Aedanus Burke ( born June 16, 1743 Galway, Ireland, † March 30, 1802 in Charleston, South Carolina ) was an American politician. Between 1789 and 1791, he represented the state of South Carolina in the U.S. House of Representatives.
Aedanus Burke attended a theological seminary at Saint -Omer (France). After that, he toured the West Indies, before he settled in Charleston (South Carolina). At the outbreak of the American Revolution, Burke joined this movement. He served until 1778 in the militia of South Carolina and then worked until the occupation of the state by the British as a judge. Between 1779 and 1788 Burke was a deputy in the House of Representatives from South Carolina. Between 1780 and 1782 he served again in the American Revolution forces. He then worked again as a judge.

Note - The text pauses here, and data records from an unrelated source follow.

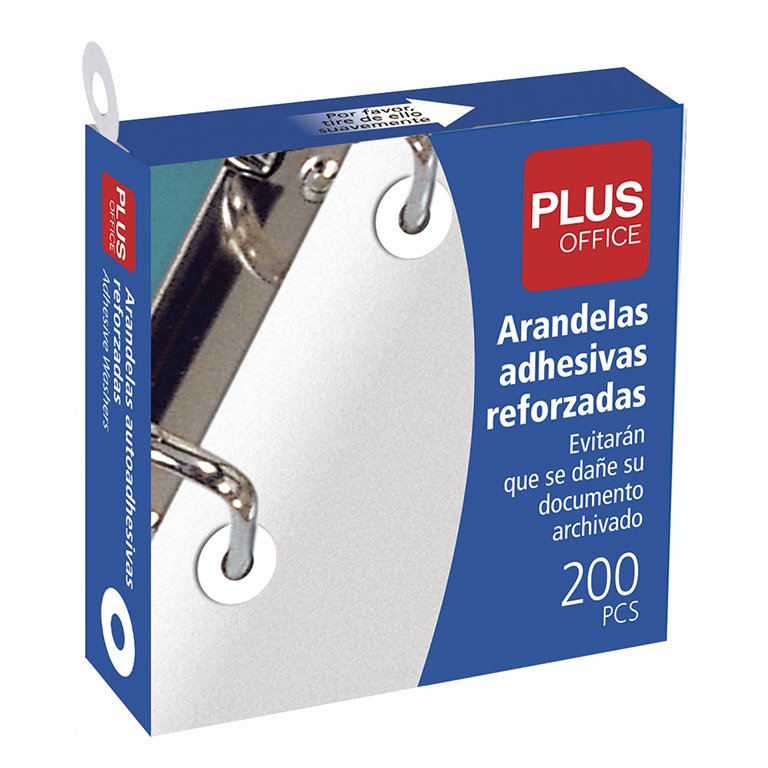 Arandelas Autoadhesivas Plus Office Reforzadas 13 mm 200 ud.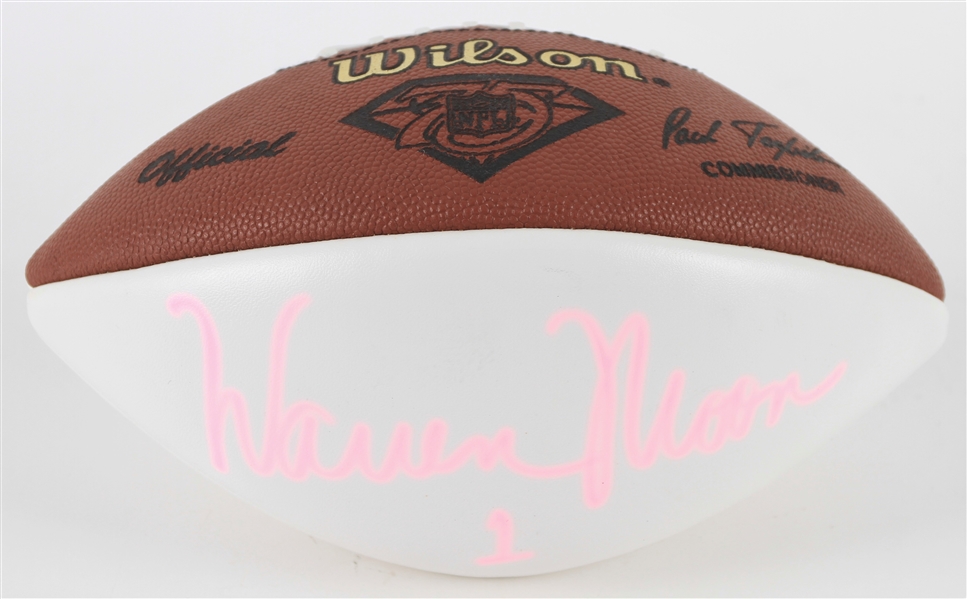 1994 Warren Moon Minnesota Vikings Signed ONFL Tagliabue 75th Anniversary Autograph Panel Football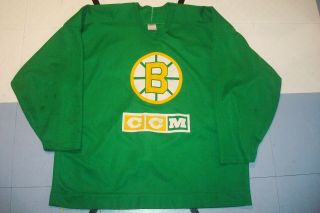 Boston Bruins Game Worn Practice Jersey Late 80 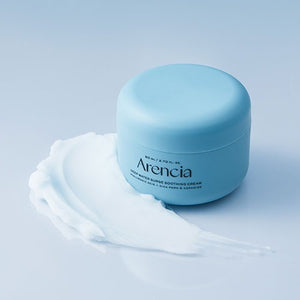 SELENAIRE Arencia Deep Water Surge Soothing Cream jar with light blue and white packaging on a neutral background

In 1785 Burke was one of three commissioners who revised the laws of the state of South Carolina. In 1788 he was a delegate to the Assembly, which ratified the Constitution of the United States. Burke himself did not agree with this Constitution and voted unsuccessfully against ratification. Politically, he was part of the anti - Administration Group, which stood in opposition to the first federal government under President George Washington.
In the elections for the first Congress he was elected in the second district of South Carolina in the U.S. House of Representatives. There he entered on March 4, 1789, his new mandate. In 1790 he resigned in favor of his judicial office in South Carolina on a bid again. He was able to complete only one term in Congress until March 3, 1791. In 1799, Burke was appointed Registrar of the Court of Equity. This office he held until his death on 30 March 1802.